Personal information
- Born: August 16, 1935 Lubao, Pampanga, Philippine Islands
- Died: June 20, 2002 (aged 66) Tondo, Manila, Philippines
- Nationality: Filipino
- Listed height: 5 ft 11 in (1.80 m)
- Listed weight: 180 lb (82 kg)

Career information
- High school: Jose Abad Santos High School (Manila)
- College: Mapúa

Career history

Playing
- Crispa Redmanizers
- YCO Painters

Coaching
- 1978–1982: Mapúa
- 1982–1984: UST

= Carlos Badion =

Filipino basketball player

Carlos Velasco Badion (August 16, 1935 – June 20, 2002) was a Filipino basketball player. Although born in Lubao, Pampanga, he grew up in Tondo, Manila where he started his checkered career playing in sandlot tournaments and for Abad Santos High School in Manila. At 5'11" tall, he was first spotted in an interscholastic tournament by Valerio Lopez of Mapua where he subsequently enrolled. He eventually shone in the NCAA and the MICAA, playing for such teams as the Jacinto Rubber Shoes, Crispa (where he became one of the pioneering members of that team) and YCO.
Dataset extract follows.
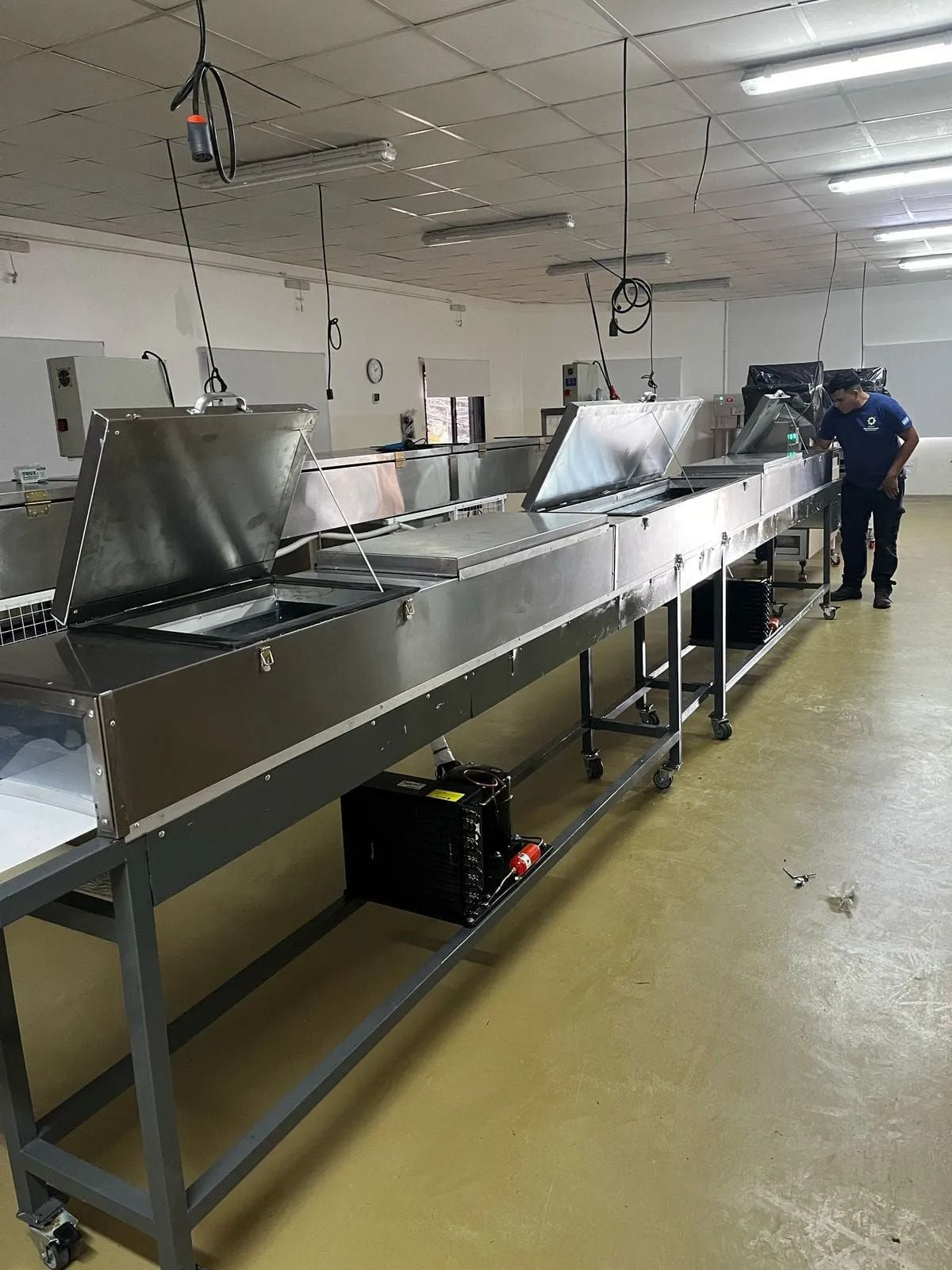 Puesto de trabajo industrial con equipos de acero inoxidable y un trabajador en una fábrica.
Known as the "Bad Boy" of Philippine basketball because of his unforgiving and physical defense, Badion popularized the moves that came to be known as the "bicycle drive" and the "jackknife layup", moves which young players tried to imitate during the 1950s. In the commercial leagues, Badion played for the original batch of the Crispa Redmanizers in the Businessman's Athletic Association (BAA) and the YCO Painters in the Manila Industrial Commercial Athletic Association (MICAA).

He starred for the Philippine national team in two Olympic tournaments and the 1958 Asian Games where he and his teammates won the gold medal. He was also a vital cog of the national team that finished seventh in a 15-nation men's basketball tournament in the 1956 Melbourne Olympics, playing alongside the likes of Carlos Loyzaga, Antonio Genato, Ramon Campos Jr., Ramon Manulat, Martin Urra and Mariano Tolentino. Voted Mr. Basketball by the Philippine Sportswriters Association eventually made a movie with the same title together with actor Bob Soler in 1957, Badion was also a mainstay of the team that won the inaugural staging of the Asian Basketball Confederation Championship held in Manila in 1960 together with Loyzaga, Kurt Bachmann, Loreto Carbonell, and Eduardo Lim. He was named to the All-Star team with Loyzaga and Most Valuable Player of the said tournament.

Unfortunately, Badion suffered a serious knee injury during the Philippines' first-round game against Uruguay in the 1960 Rome Olympics which ultimately forced him into early retirement. He then went into a number of business ventures after retiring and even once became the customs coordinator for Elizalde and Company, Inc. He started his coaching in 1975, leading the Mapúa Cardinals to the NCAA title and the UST women's basketball team to the UAAP title. He also handled the UST Glowing Goldies in the UAAP and the Army Jungle Fighters in the Philippine Basketball League.

Badion died of a heart attack on June 20, 2002.